The below post is part of Found Remote's 2016 Year in Review guest post series and is written by Scott Ferber, Founder and CEO, Videology.

The Future of TV: What We Learned in 2016

Continued Growth, with bigger changes on the horizon

The pace of change in advertising in 2016 was slow and steady, with no major upheavals, but rather, hints of things to come. That in itself is indicative of an industry growing more mature, more attuned to the alignment of technology, data and content. Perhaps most importantly, this year marked a greater understanding of the range and benefits of audience-based trading methods on all sides.

Major events

In many ways, 2016 was a year of major TV events, from the Olympics to the U.S. election, which resulted in particularly strong Upfronts and linear TV ad sales. With greater demand came less of a push toward newer, audience-based TV selling. With a quieter 2017 on the horizon, this could change.

OTT, VOD, addressable on the rise

When you look at the statistics, 2016 could be understood as setting the groundwork for just such a push.

More consumers than ever used services like Netflix and Amazon Prime video — one report even suggesting than more than 60 per cent of US internet users are now paying VOD subscribers. Little surprise then that there were moves to offer OTT services from all quarters, AT&T's DirecTV Now service being one prominent example.

But it wasn't all about OTT and VOD. A number of broadcasters also made linear inventory available for programmatic selling and targeted buying, many through our own platform.
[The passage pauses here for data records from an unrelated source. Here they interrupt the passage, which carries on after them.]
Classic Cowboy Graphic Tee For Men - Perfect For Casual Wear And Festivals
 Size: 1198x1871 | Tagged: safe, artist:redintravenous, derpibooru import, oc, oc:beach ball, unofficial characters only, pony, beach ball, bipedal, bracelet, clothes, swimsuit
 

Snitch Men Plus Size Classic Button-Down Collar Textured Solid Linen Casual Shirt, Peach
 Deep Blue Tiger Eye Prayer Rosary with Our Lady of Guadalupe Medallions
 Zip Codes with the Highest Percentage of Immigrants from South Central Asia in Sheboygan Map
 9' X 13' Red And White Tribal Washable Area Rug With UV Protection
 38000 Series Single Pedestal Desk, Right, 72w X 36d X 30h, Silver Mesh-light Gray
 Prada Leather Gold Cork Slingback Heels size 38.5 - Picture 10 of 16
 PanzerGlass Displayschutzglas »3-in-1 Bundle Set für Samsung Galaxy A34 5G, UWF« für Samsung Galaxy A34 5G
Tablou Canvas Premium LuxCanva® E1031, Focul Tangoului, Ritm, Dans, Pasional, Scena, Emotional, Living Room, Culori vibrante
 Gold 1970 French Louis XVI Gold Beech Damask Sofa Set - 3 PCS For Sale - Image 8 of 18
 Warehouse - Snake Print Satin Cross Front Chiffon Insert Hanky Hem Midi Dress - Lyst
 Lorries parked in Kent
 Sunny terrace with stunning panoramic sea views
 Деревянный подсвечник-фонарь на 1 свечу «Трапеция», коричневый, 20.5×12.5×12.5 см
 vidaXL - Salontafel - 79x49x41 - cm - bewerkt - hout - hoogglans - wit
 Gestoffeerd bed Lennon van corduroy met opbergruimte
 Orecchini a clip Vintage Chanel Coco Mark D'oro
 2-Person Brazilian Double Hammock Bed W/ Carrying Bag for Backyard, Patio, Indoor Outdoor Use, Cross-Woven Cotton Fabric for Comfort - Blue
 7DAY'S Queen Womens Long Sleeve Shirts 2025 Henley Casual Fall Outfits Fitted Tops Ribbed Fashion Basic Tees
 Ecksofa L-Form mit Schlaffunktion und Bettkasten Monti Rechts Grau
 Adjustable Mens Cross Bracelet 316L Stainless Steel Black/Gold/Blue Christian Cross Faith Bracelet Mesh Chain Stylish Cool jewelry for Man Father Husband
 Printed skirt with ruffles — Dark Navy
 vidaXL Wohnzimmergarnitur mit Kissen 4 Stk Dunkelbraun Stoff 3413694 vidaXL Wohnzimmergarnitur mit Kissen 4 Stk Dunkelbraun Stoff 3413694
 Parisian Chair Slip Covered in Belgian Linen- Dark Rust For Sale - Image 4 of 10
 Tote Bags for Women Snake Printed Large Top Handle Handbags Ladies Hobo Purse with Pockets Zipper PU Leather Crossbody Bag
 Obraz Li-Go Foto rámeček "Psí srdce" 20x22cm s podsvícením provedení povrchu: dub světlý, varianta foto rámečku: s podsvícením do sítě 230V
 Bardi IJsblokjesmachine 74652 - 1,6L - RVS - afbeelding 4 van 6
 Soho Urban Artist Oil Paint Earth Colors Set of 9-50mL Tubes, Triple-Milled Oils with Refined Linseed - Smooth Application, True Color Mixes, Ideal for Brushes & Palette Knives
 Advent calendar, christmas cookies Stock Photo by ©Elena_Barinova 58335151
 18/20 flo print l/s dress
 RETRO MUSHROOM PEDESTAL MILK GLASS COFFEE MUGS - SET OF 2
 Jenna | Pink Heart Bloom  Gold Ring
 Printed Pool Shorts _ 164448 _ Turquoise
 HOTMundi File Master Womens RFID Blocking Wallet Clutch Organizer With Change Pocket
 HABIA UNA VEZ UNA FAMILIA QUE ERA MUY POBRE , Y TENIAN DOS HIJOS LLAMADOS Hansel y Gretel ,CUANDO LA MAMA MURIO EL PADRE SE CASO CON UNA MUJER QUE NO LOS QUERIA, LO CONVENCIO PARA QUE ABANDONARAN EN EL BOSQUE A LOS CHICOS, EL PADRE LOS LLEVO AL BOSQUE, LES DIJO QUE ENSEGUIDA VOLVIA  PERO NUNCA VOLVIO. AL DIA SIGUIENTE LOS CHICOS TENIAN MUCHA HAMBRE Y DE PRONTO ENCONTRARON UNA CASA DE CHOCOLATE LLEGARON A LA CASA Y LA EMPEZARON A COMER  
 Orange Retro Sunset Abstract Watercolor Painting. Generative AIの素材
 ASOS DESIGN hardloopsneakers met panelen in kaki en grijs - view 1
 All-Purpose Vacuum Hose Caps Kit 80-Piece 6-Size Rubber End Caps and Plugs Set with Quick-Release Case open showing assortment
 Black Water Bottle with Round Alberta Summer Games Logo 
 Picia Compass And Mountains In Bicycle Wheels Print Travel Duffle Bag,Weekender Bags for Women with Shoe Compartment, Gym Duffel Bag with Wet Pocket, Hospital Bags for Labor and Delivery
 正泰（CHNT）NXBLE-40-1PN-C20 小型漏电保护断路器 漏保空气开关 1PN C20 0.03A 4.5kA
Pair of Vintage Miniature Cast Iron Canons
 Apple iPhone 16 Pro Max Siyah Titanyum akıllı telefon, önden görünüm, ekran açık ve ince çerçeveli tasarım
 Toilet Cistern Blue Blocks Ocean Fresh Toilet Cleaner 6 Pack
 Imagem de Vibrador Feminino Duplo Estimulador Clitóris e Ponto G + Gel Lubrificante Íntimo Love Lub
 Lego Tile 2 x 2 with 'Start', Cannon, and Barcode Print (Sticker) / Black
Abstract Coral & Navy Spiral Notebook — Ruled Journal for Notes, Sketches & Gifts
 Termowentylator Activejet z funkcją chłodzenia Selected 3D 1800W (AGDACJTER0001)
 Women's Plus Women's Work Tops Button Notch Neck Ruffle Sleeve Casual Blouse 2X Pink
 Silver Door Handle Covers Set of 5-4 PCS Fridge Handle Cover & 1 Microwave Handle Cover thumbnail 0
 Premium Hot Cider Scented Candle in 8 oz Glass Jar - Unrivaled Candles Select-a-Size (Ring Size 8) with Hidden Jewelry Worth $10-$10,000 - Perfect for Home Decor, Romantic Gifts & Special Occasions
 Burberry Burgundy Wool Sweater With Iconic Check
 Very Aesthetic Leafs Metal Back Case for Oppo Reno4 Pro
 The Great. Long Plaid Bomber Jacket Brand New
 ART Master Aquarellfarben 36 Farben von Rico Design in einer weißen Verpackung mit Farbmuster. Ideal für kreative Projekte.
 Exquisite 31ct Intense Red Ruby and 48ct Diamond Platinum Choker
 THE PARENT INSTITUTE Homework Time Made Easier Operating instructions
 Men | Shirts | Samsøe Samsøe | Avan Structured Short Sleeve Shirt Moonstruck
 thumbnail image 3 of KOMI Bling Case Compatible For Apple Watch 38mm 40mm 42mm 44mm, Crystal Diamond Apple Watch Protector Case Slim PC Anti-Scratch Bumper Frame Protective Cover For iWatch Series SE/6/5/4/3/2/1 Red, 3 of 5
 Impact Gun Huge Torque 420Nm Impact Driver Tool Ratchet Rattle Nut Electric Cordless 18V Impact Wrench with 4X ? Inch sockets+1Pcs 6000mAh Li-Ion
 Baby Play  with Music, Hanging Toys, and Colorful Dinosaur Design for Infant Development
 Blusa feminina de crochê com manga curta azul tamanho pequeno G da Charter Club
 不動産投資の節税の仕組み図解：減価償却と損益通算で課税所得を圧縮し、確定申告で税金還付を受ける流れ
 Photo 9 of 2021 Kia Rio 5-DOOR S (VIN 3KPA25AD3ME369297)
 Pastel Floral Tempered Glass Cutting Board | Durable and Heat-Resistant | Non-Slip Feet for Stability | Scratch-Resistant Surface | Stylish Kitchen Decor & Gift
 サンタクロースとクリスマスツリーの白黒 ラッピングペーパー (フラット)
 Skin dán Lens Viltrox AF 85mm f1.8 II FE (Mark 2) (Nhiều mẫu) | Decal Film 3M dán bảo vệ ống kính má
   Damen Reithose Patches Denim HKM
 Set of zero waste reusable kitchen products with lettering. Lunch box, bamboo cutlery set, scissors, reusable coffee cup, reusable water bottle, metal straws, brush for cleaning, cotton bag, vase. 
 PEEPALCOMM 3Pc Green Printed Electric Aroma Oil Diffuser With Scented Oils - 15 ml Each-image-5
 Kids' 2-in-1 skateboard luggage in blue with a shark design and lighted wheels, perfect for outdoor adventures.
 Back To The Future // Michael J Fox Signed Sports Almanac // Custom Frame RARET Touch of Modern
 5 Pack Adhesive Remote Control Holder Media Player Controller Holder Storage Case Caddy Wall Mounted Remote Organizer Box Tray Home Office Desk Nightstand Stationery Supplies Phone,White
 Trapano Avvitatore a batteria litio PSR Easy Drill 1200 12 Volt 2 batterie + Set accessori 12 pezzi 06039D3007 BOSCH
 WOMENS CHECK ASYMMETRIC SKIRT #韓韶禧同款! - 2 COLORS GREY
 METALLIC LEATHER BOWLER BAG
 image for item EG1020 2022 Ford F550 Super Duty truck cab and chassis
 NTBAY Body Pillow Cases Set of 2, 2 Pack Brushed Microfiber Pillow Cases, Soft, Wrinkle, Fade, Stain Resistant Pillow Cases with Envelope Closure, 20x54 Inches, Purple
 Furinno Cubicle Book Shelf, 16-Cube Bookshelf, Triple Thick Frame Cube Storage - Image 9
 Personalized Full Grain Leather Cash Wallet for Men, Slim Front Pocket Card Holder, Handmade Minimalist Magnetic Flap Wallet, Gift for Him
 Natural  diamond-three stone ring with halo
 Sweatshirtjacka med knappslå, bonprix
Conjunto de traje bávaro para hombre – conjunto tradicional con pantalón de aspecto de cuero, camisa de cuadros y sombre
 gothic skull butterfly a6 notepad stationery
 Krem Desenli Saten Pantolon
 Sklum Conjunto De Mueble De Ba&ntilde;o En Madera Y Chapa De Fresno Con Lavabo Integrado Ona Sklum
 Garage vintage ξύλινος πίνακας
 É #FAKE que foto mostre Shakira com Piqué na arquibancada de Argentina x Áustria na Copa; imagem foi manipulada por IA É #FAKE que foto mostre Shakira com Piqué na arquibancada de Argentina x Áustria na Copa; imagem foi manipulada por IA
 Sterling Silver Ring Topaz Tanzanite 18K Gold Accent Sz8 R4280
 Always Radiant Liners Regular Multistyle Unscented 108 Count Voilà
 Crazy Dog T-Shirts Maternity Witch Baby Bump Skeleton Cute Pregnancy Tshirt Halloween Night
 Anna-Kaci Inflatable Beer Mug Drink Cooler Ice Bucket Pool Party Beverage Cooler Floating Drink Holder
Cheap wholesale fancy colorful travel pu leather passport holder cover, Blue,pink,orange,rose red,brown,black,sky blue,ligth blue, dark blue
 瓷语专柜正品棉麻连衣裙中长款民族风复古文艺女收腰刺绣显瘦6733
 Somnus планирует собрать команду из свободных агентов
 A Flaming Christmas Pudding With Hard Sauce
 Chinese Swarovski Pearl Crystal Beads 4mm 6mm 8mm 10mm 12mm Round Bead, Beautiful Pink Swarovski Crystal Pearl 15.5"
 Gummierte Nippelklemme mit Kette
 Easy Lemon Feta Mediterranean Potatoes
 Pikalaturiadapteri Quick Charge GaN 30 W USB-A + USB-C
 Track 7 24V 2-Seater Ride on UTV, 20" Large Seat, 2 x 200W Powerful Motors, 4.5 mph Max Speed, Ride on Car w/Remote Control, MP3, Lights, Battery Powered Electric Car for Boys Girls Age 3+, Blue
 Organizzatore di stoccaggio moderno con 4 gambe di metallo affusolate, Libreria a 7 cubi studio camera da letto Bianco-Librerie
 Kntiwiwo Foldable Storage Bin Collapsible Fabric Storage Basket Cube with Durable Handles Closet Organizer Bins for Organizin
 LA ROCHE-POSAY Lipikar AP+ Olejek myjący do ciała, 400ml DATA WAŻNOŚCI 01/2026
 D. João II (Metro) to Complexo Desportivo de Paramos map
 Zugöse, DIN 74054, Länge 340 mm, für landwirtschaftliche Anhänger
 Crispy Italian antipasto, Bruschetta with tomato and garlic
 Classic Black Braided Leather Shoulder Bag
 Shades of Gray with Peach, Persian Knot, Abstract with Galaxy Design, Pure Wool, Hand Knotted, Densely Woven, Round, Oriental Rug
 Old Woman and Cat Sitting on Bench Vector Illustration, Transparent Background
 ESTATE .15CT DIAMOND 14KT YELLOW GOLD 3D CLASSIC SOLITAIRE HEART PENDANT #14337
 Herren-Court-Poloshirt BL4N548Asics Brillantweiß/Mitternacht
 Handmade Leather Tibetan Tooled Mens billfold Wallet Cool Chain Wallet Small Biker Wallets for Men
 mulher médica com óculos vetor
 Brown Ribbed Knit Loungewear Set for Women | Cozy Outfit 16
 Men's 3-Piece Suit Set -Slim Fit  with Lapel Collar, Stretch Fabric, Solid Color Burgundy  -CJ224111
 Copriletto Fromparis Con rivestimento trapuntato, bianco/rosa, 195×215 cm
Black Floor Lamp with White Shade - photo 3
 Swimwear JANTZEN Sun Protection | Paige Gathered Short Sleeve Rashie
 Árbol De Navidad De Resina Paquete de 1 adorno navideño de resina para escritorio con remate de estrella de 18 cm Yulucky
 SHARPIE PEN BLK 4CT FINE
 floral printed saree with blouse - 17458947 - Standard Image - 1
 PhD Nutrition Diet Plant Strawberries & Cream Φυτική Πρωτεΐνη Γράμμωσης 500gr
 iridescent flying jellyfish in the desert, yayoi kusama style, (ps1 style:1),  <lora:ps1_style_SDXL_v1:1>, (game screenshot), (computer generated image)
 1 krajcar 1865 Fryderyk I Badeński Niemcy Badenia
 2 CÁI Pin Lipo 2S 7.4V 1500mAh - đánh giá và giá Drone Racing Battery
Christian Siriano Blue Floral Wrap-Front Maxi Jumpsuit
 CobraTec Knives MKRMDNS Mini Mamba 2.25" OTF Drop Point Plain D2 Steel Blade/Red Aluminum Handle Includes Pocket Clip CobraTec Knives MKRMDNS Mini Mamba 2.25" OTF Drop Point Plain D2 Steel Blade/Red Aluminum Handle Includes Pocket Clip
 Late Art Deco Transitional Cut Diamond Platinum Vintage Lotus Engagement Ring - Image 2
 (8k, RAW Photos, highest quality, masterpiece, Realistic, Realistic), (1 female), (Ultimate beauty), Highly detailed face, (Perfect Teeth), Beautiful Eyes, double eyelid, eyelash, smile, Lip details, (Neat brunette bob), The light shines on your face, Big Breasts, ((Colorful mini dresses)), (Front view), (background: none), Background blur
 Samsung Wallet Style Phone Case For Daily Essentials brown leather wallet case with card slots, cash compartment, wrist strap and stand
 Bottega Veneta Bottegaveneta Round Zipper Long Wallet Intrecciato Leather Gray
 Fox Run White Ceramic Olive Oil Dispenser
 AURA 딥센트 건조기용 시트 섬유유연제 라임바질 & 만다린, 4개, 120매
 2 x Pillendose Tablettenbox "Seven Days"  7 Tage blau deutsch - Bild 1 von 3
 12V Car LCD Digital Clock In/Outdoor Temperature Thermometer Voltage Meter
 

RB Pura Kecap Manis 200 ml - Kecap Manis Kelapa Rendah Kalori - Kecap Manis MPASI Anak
In fact, we saw a 5x increase in advanced linear TV inventory from Q1 to Q3. As you might have guessed, such moves were led by a huge demand for this so-called "advanced" TV inventory from advertisers. Just as 2016 saw brands increasingly understand and leverage their own first party data, many realized a key benefit of advanced TV — quite simply, bringing this qualified, valuable data to bear in TV for the first time.

Measurement: Big advancements, still work to do

In 2016, we've seen huge progress in measurement but also signs that work is yet to be done in a space that's constantly updating and transforming itself. Early in the year, the Rentrak-comScore merger closed, pointing to the huge stakes around getting cross-screen right. And Nielsen has announced that its Total Ad Ratings metrics will be ready for the 2017 Upfront season.

Both of these developments underscore the growing urgency to bridge together all linear and non-linear formats, as well as walled gardens, such as YouTube, Facebook and Snapchat. To understand why this is so important to our future success, look no further than the measurement errors that came to light in 2016. And also consider that, by one measure, at least, digital spending overtook TV in the US this year, another sign that media channels are morphing into a converged amalgam of viewership.

Attribution, fragmentation, frequency

Another related issue we all grappled with this year was multi-touch attribution, which arguably became even more significant, as cross-device consumption multiplied.

Though again we've seen big advances here from a number of players, there is still work to be done. And pinpointing a single user across different devices is, of course, key to achieving unduplicated reach and controlling frequency, as well as sequential messaging, the great promise of programmatic technologies.

And it’s almost there. In 2016, we saw some great examples of cross-screen TV and digital video campaigns complementing each other. Many brands have already seen the exceptional results that cross-screen planning and buying can deliver, and these proven results will be the biggest driver of growth and the new year. It works.

What's next?

Expect more consolidation in 2017 on every level — in measurement, in M&A activity and across advertising as a whole. As media, technology and content continue to converge, the greatest success will come from finding new ways to plan, buy and measure media across all screens.